O problema, para ele, vai muito além da ausência. O executivo explica que mesmo quando pessoas negras conseguem chegar à universidade, enfrentam um novo conjunto de barreiras: são vistas como menos preparadas, questionadas sobre sua competência e frequentemente excluídas de programas de liderança.

"Isso mexe com o sistema de autoconfiança das pessoas negras. Não é raro encontrar alguém de pele preta que não se sinta confiante o suficiente para entrar num processo seletivo", pontuou.

Essa sensação de inadequação, segundo Jaime, não é fruto de insegurança pessoal, mas sim o efeito de um sistema que historicamente marginalizou corpos e trajetórias negras.

Arquivo Pessoal
O professor Jaime Almeida com uma das suas turmas de alunos
O professor Jaime Almeida com uma das suas turmas de alunos

Racismo estrutural não se corrige com boas intenções — é preciso agir com estratégia

Para mudar esse cenário, Almeida defende uma postura intencional das empresas, especialmente no setor de Turismo, onde a representatividade negra ainda é extremamente limitada.

"São 56% de negros no País.
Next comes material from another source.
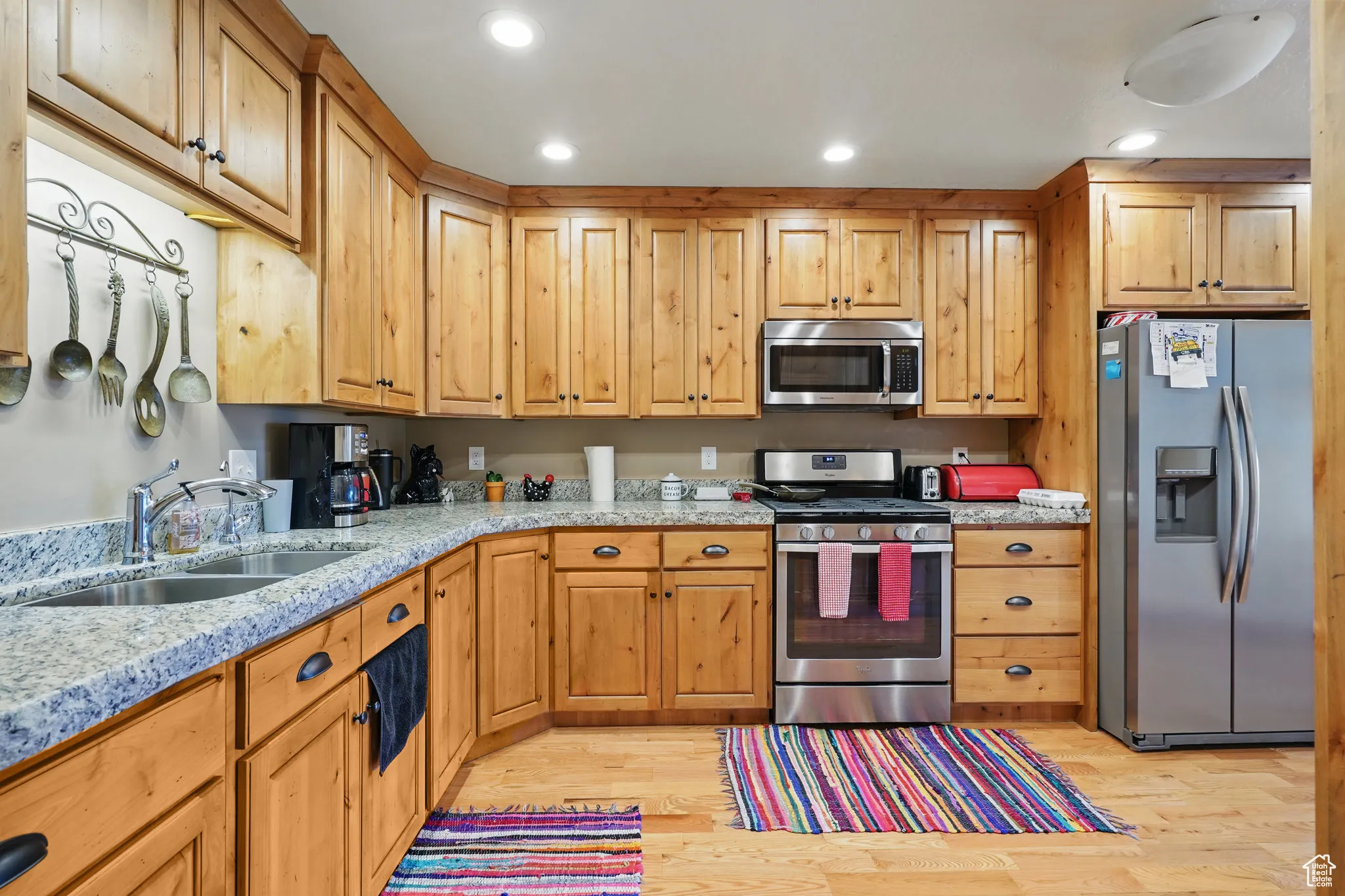Kitchen with stainless steel appliances, light stone countertops, a sink, and light wood-type flooring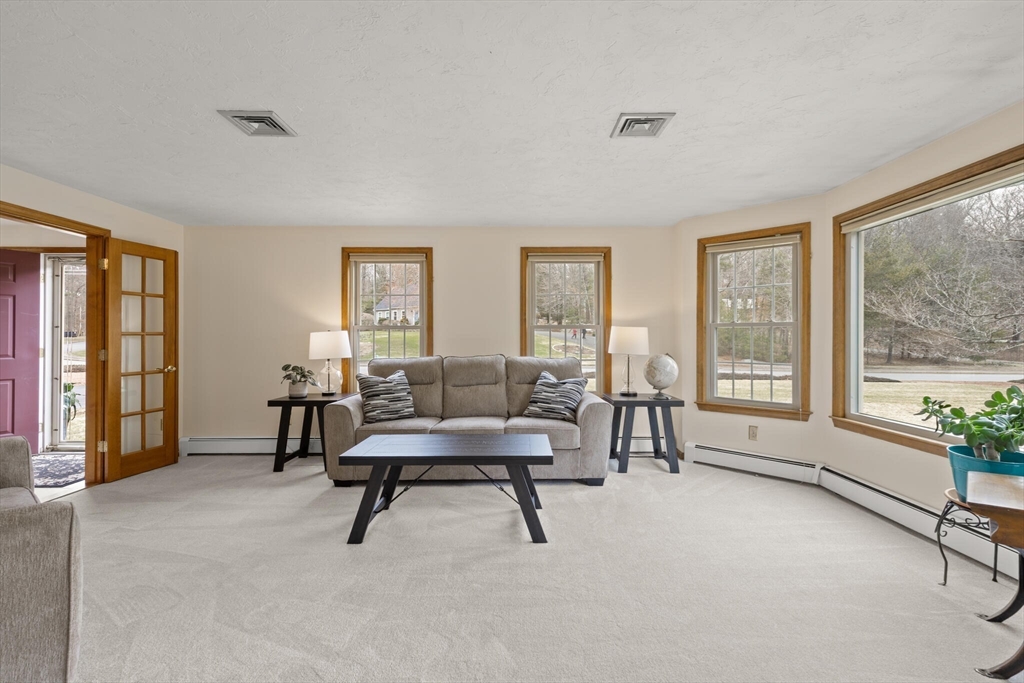 3 Daniels Road Mendon, MA 01756 - Photo 5 of 42 a view of a livingroom with furniture and windows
Se a empresa conhece sua realidade local, passa a ter consciência. A partir daí, precisa agir com intencionalidade", argumenta.

A proposta é clara: deixar de confiar nos "caminhos naturais" de recrutamento e promoção — caminhos que, em sua estrutura atual, perpetuam desigualdades — e passar a implementar estratégias com dados, metas e decisões conscientes.

Almeida cita como exemplo positivo a experiência da B3 (Bolsa de Valores), que realizou um processo seletivo afirmativo com currículos anônimos e entrevistas às cegas e aumentou em 60% a contratação de pessoas de grupos minorizados: "Isso mostra como os vieses, quando não neutralizados, impedem que a diversidade aconteça", ponderou.

Além da questão racial, ele também destaca a importância de olhar para as interseccionalidades, como gênero, deficiência e classe social. Para o professor, quanto mais marcadores sociais impactarem a trajetória de uma pessoa, mais barreiras ela enfrentará para alcançar a liderança.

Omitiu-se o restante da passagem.